The plan was to make the Garlic Pickle, some Irish cream and some banana ice cream with choc chips. The last is only to use up the cream that will be left over. (Honest)


The first job was to steam the garlic, I’ve got the remains of my home grown that has been soaking in oil for a while and has a lovely golden colour, and the bulk is from a jar (99p shop) I thought steaming would keep the shape of the bulbs, even though I planned to chop them, I wanted lumps.
I steamed it for about ten minutes and left it to cool.
Meanwhile, I mixed up the spices and sugar, a couple of chili’s and some malt extract. I just used the list of ingredients from the label I posted, adding the malt extract to bulk it out. I had to thicken it with some Agar, but the taste is pretty good.
We had the flu jab on Tuesday, ever since we have both felt rough, with sore arms, headaches and generally a feeling of being a bit below normal. I have been out of breath walking the dogs, and tired.
This morning, I used my new Kenwood blender to chop bananas for the ice cream, then to blend condensed milk and cream for the imitation Baileys. It suddenly stopped working, and I thought that the fuse had gone, but the light was still on. So I called a well-known internet shopping company as it had been brought from them, and they agreed a replacement. Came downstairs and turned it on again, it only worked!

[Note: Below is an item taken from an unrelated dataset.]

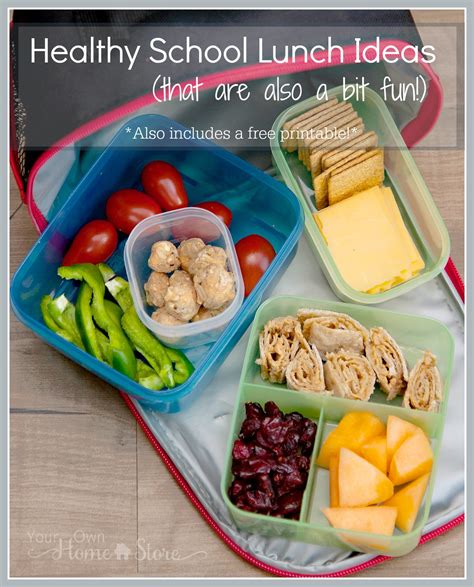 Healthy school lunch ideas that are also a bit fun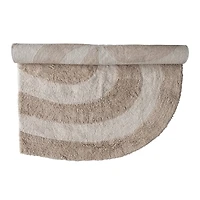 Hello Honey® 3ft. x 4.5ft. Tan & Beige Spiral Cotton Tufted Rug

It turns out that if you run the blender for more than 60 secs it cuts out. So back on phone to ***** and cancel the complaint. Trouble is, by the time I got through, it was too late to stop the new one being sent and it’s on the way, so now I have to stay in on Sat to refuse delivery, and sign as “Not Wanted”. Wish I hadn’t been so keen.
We are having our Sunday roast on Saturday this week, as we are off to the Rattery Craft Fair on Sunday. Check out www.theratterycraftfair.co.uk/ for details, Looks good.
So we are having a Nigel Slater idea, with a twist. He did Pork with Blackberries; well I am adding Elderberry Wine and some Raspberries to his idea.
I prepared it on Friday night, I soaked the scored meat in the berries and wine and left it overnight.

I intend to slow cook and pull it apart, making gravy from the juices, wine and onions. We will have that with Roast Potato, Parsnip and Swede, and some veg.
Well it tasted nice, but the sauce was a bit over fruity for our taste. The meat was soft and full of flavour, having been cooked at 140 degrees for 4 hours!